Entwicklungen auf den relevanten Märkten

Die nachstehend beschriebenen Entwicklungen basieren auf teilweise vorläufigen Datenständen bzw. unterschiedlichen Zeithorizonten, da zum Zeitpunkt der Erstellung dieses Berichts noch keine vollständigen Daten über die Marktentwicklungen im ersten Halbjahr 2026 vorlagen.

Deutscher Personenverkehrsmarkt

Der deutsche Personenverkehrsmarkt verzeichnete im ersten Halbjahr 2026 eine negative Tendenz. Der Schienenpersonennahverkehr behauptete sich gegen den Trend. Die Preiserhöhung des Deutschland-Tickets zum 1. Januar 2026 auf 63 € sowie saisonale Effekte haben am Jahresbeginn 2026 zu einem üblichen leichten Rückgang der Abonnements geführt.
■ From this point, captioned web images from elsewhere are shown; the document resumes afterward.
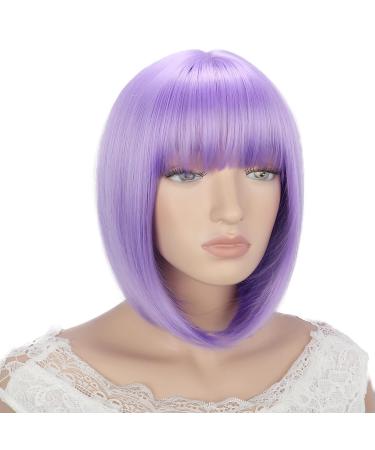 Bob Short Purple Wig with Bangs for Women - Lavender Silky Straight Costume Cosplay Party Daily Use 12 - Heat Resistant Synthetic Hair (Light Purple) - Buy Online on GoSupps.com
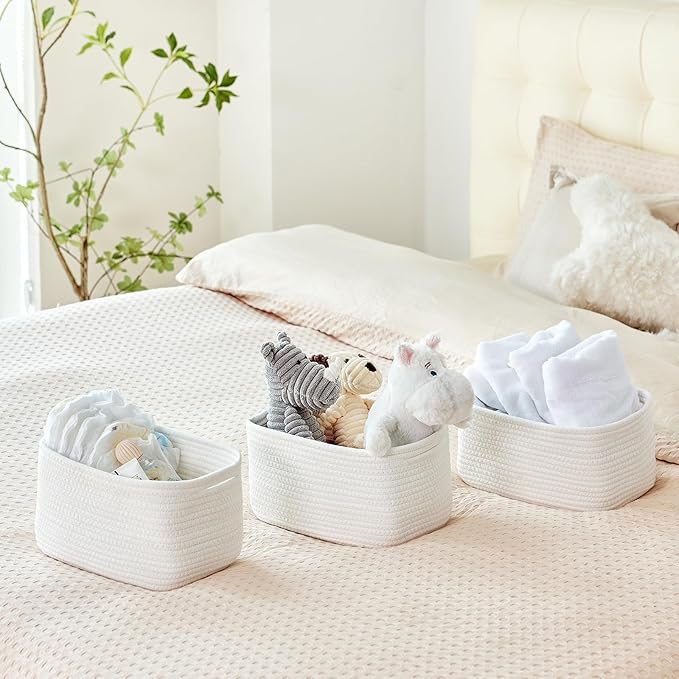 Small Cotton Rope Storage Basket Set of 3-11"x7"x7" Perfect Woven Baskets for Storage, Ideal Storage Baskets for Organizing Toys, Towels, and More - Baskets for Shelves and Home Decor（White）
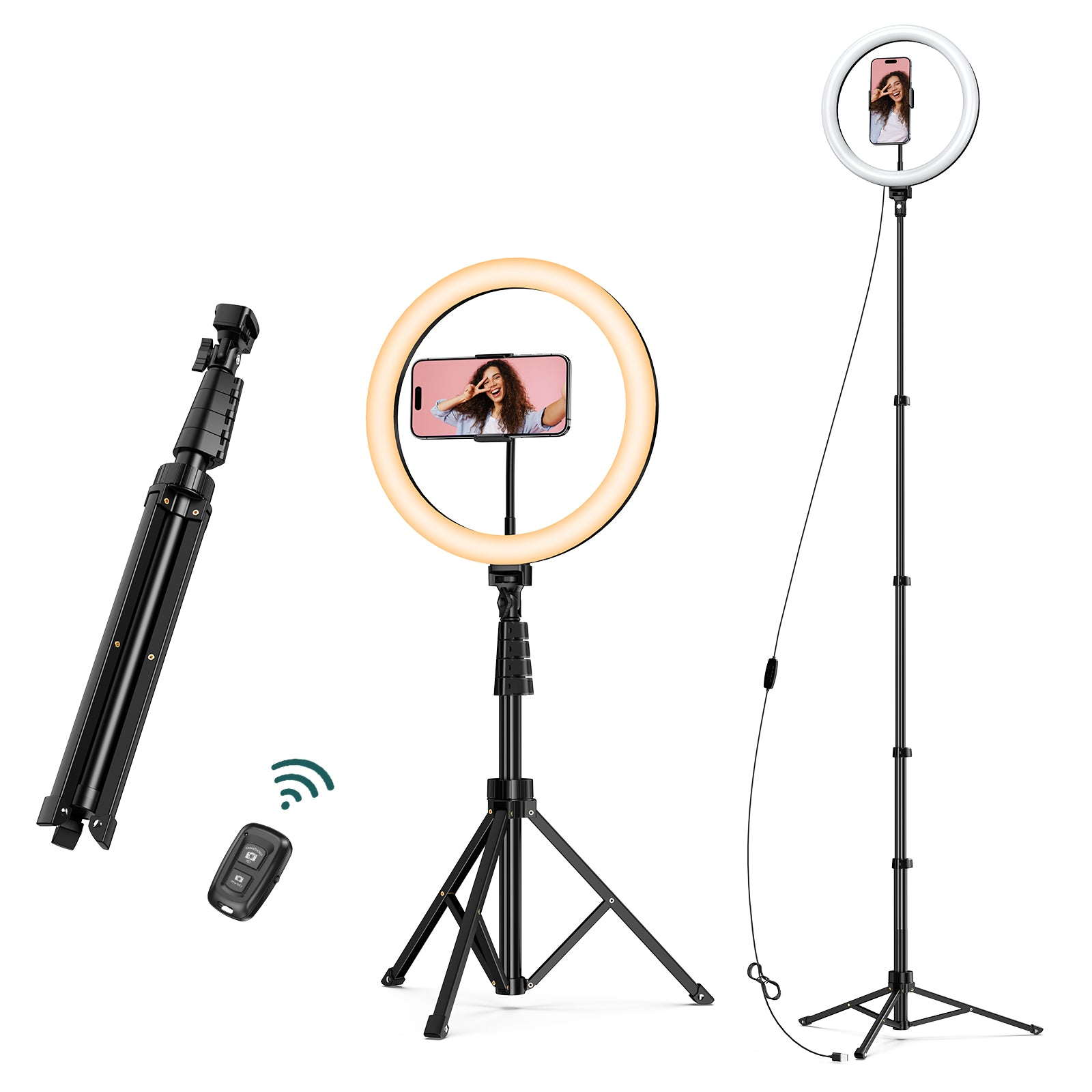 Selfie Ring Light with Extendable Tripod Stand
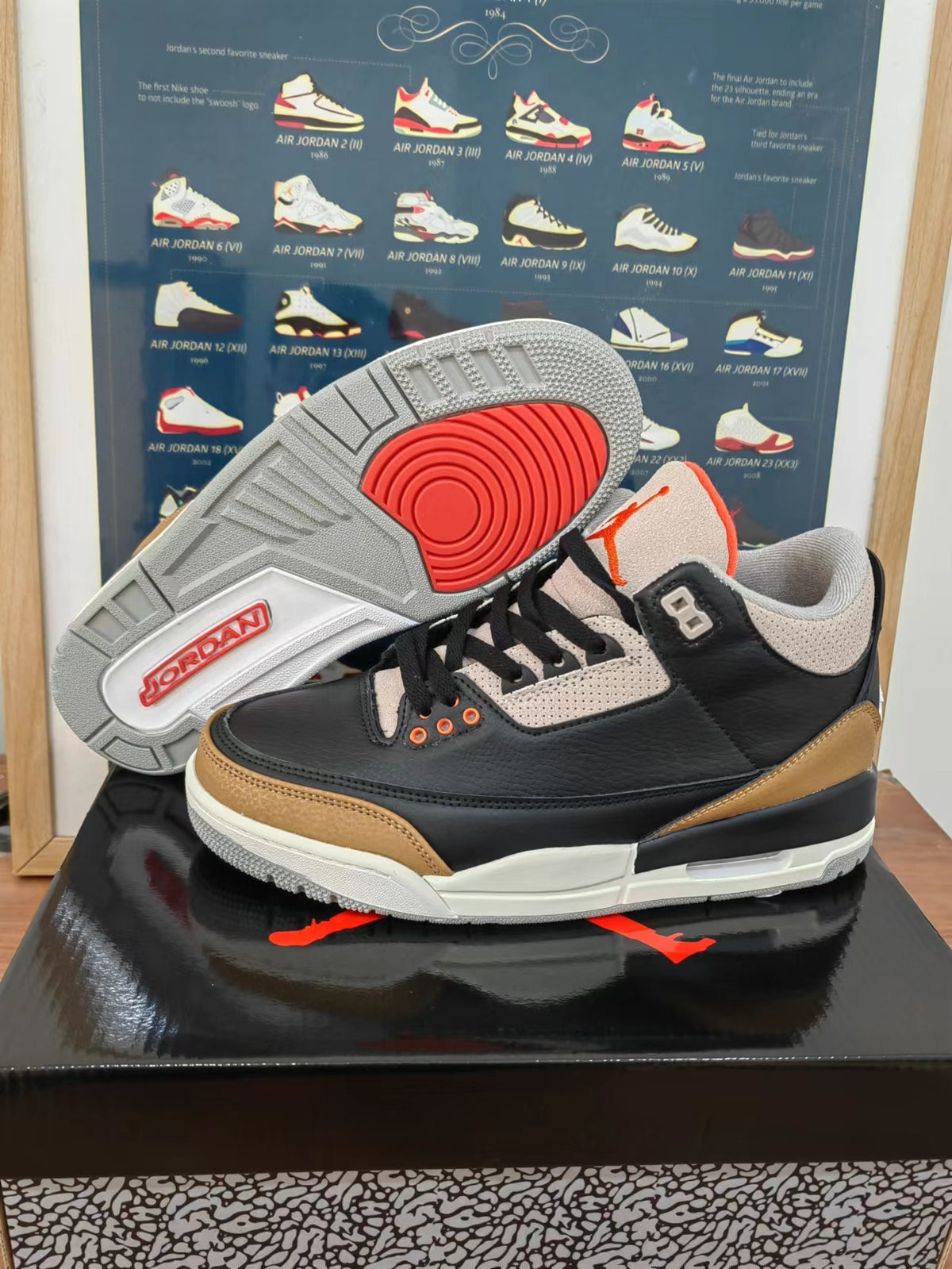 Sneakers, Black Gray Orange Colorway, Lace Up Design, Casual Gift for Sneaker Fans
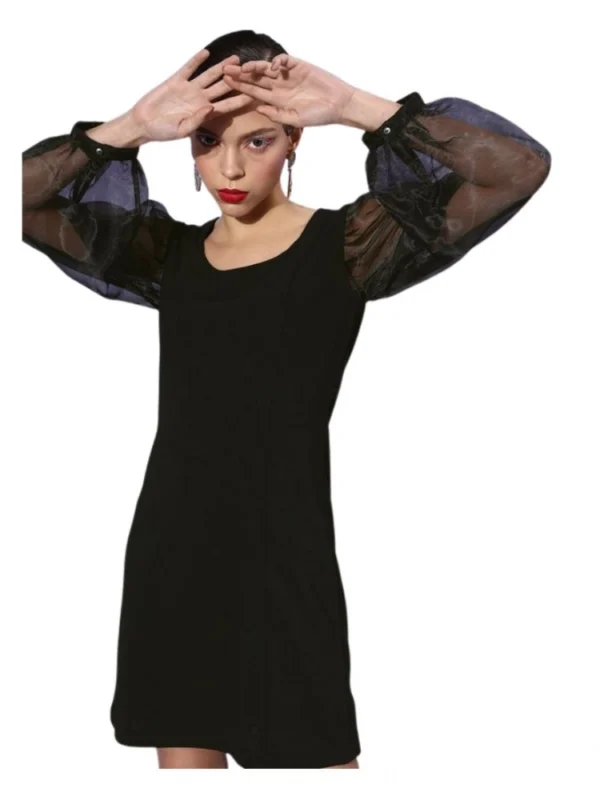 Women's Organza And Polyester Lycra Solid Long Sleeves Dress (Black)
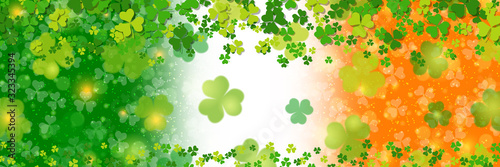 St.Patrick's Day colorful vector background with clover leaves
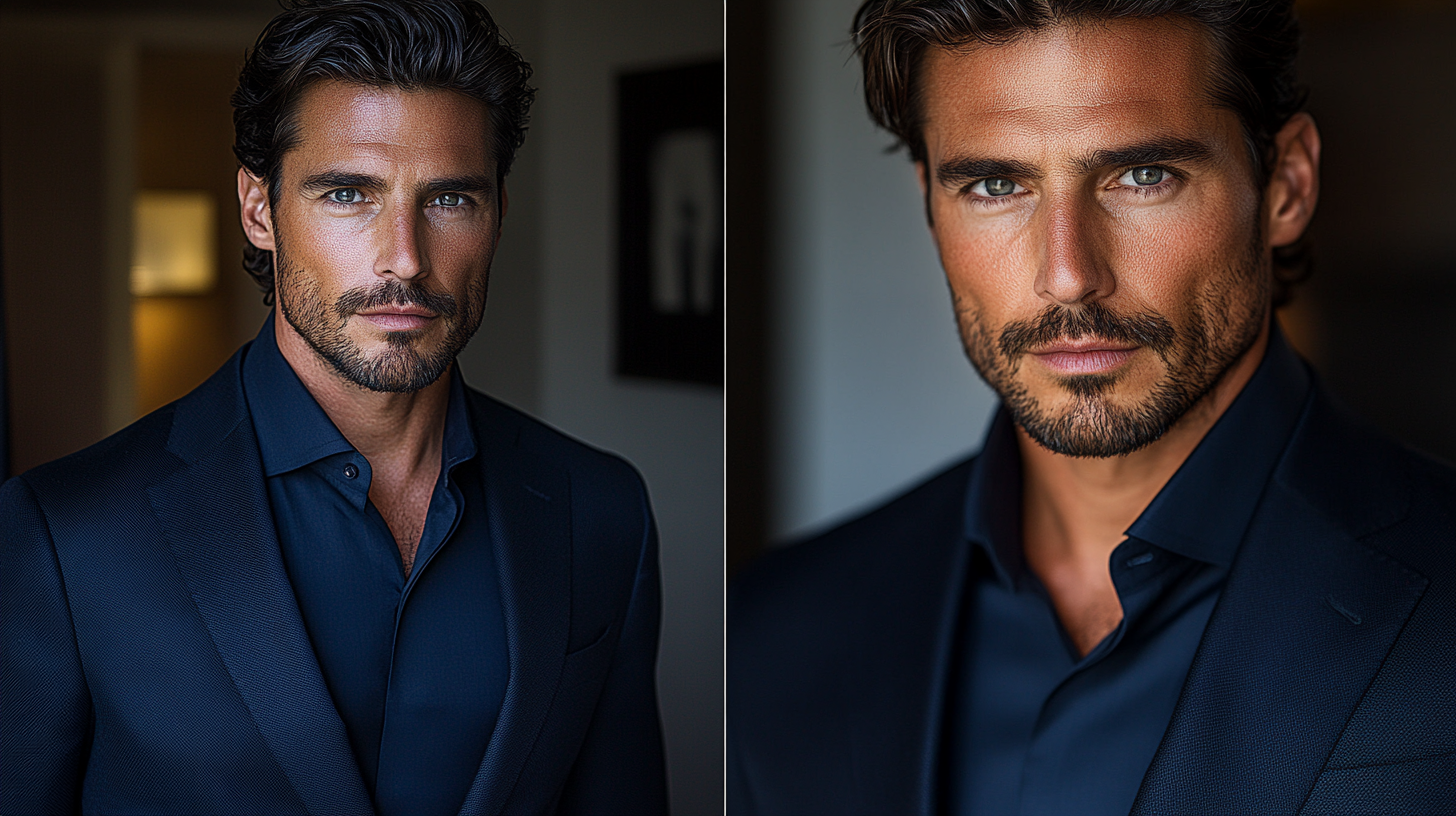 A split-screen image: On the left, a man in a black suit with a navy blue shirt, presenting a strong, formal look. The background is a business setting or formal event, with a hint of sophistication in the environment. On the right, a close-up of the navy blue shirt’s rich fabric, with neat folds and a crisp collar tucked under the black suit. Deep, rich lighting, ultra-detailed, 8K resolution.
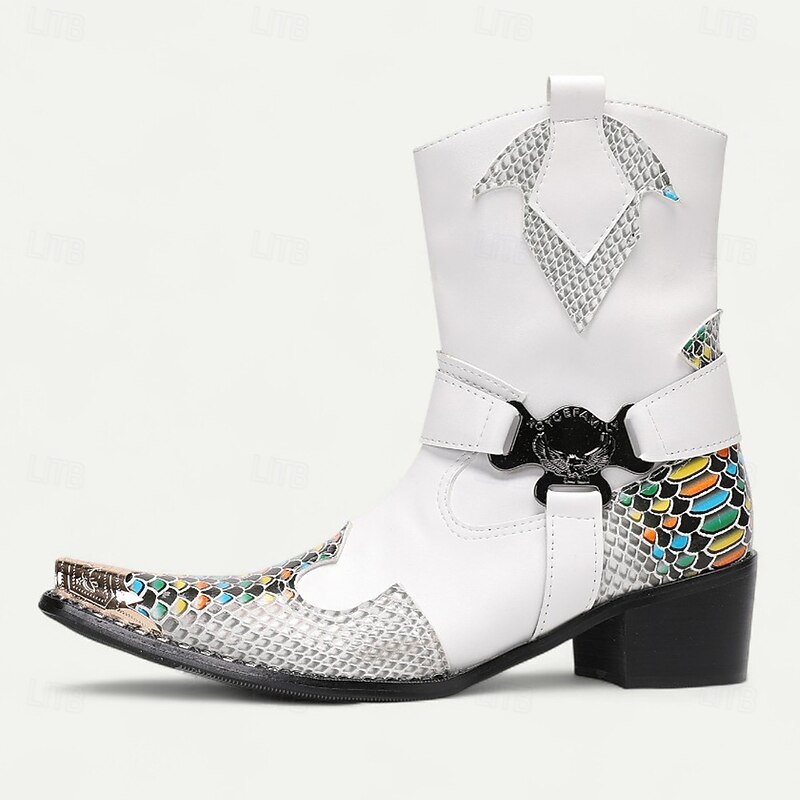 Men's White Genuine Leather Western Boots with Snake Print Design, Cowboy Style Pointed Toe Boots for Festivals, Concerts and Fashion Shows3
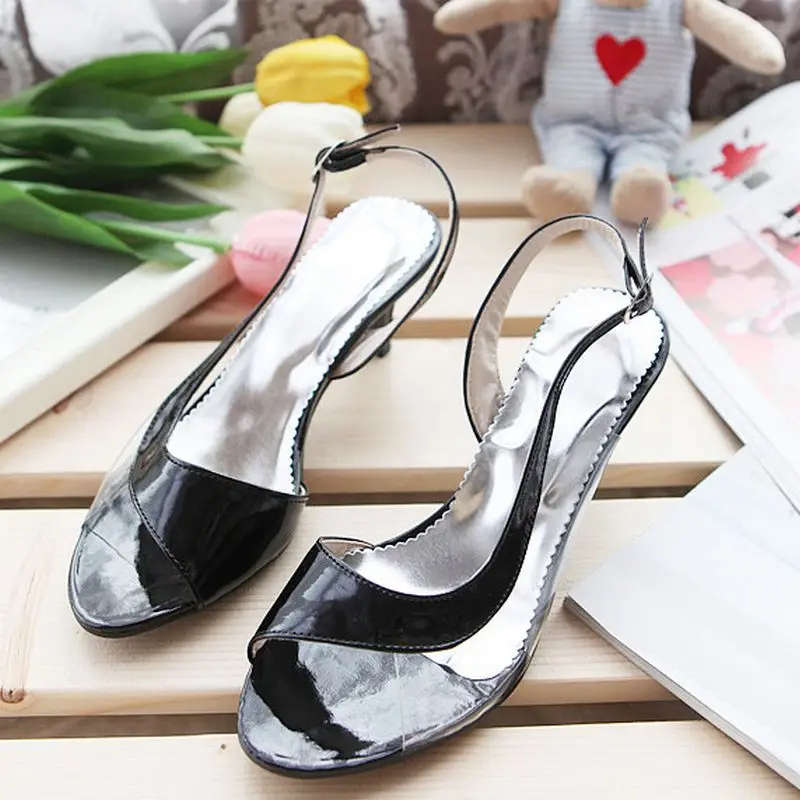 Taoffen/размеры 30-48; женские босоножки на высоком каблуке с открытым носком; пикантные женские брендовые Модные прозрачные сандалии женская обувь - Цвет: Черный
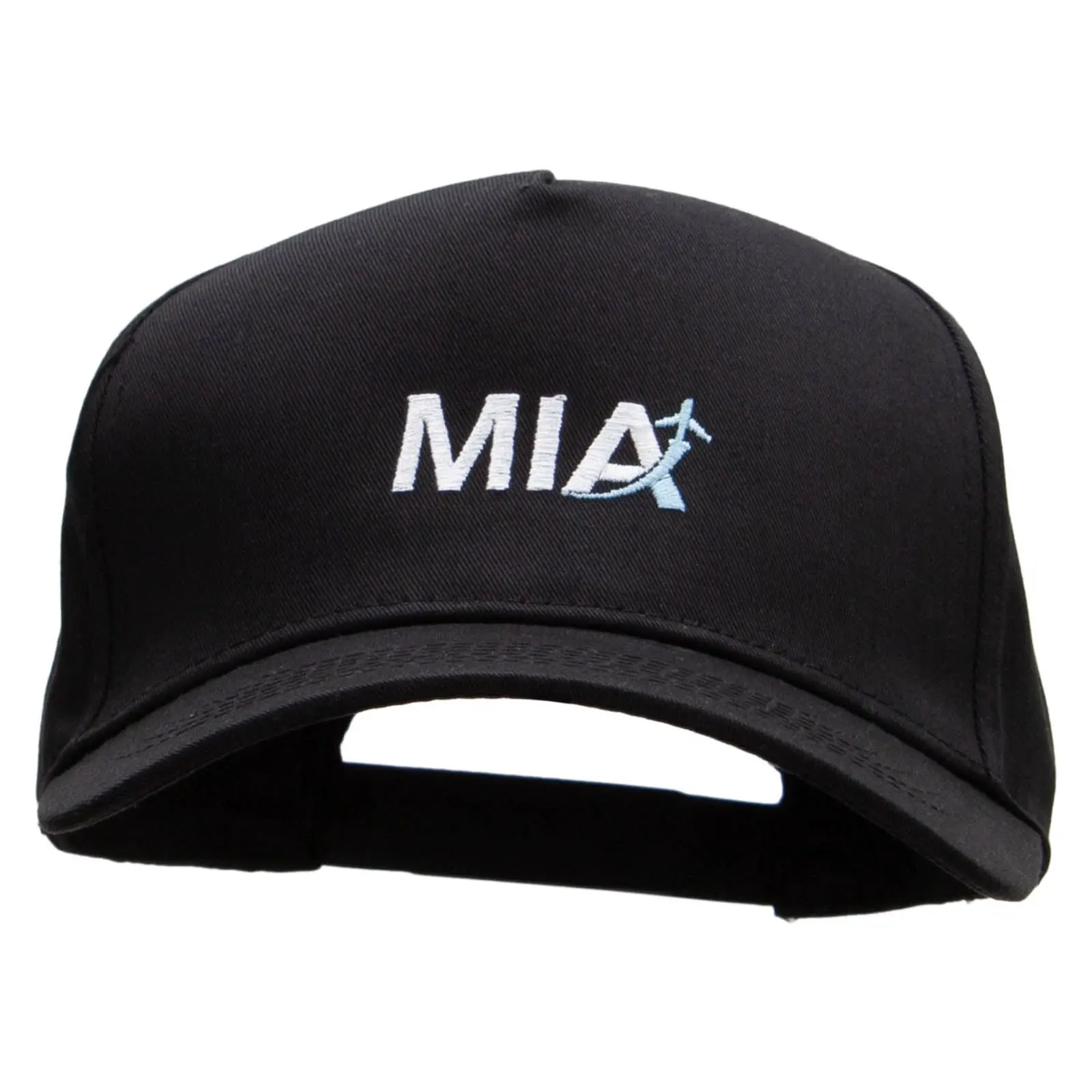 MIA Embroidered 5 Panel Cotton High Profile Flat Bill Unstructured Cap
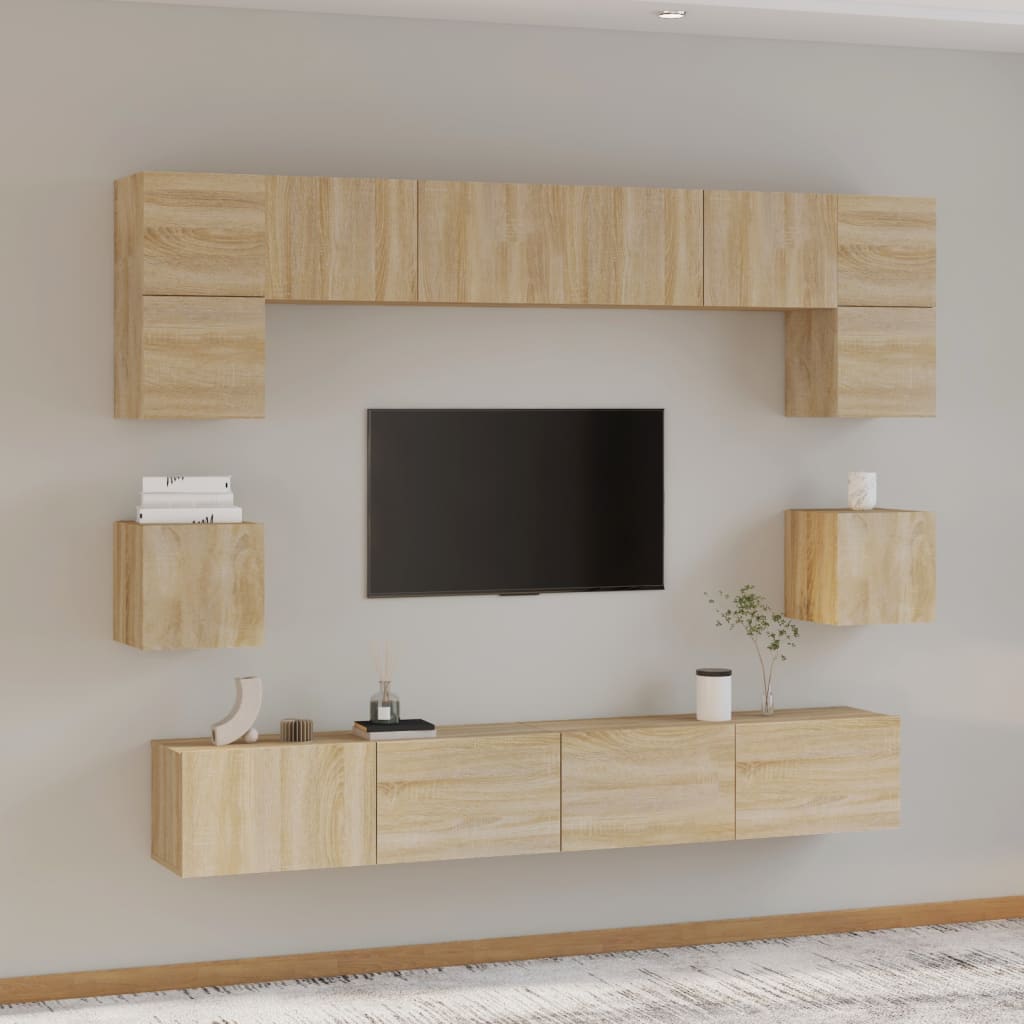 vidaXL Ensemble de 8 meubles TV Chêne Sonoma Bois d'ingénierie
  • Die Fahrleistung des motorisierten Individualverkehrs lag im ersten Quartal 2026 unter dem Vorjahresniveau. Winterextreme in den Monaten Januar und Februar 2026 sowie massiv steigende Kraftstoffpreise im März 2026 haben das Segment beeinträchtigt. Im zweiten Quartal 2026 wurde die Kraftstoffpreisentwicklung durch den temporären Tankrabatt abgefedert.
  • Der innerdeutsche Luftverkehr startete im ersten Quartal 2026 deutlich gestärkt (+4 %) gegenüber dem streikbehafteten Vorjahreszeitraum. Nach stark gestiegenen Kerosinpreisen reagierte die Luftverkehrsbranche in Europa mit einer wachsenden Anzahl an Flugstreichungen im zweiten Quartal 2026. Streiks im Frühjahr und die Einstellung des Lufthansa-Cityline-Flugbetriebs reduzierten das Angebot zusätzlich.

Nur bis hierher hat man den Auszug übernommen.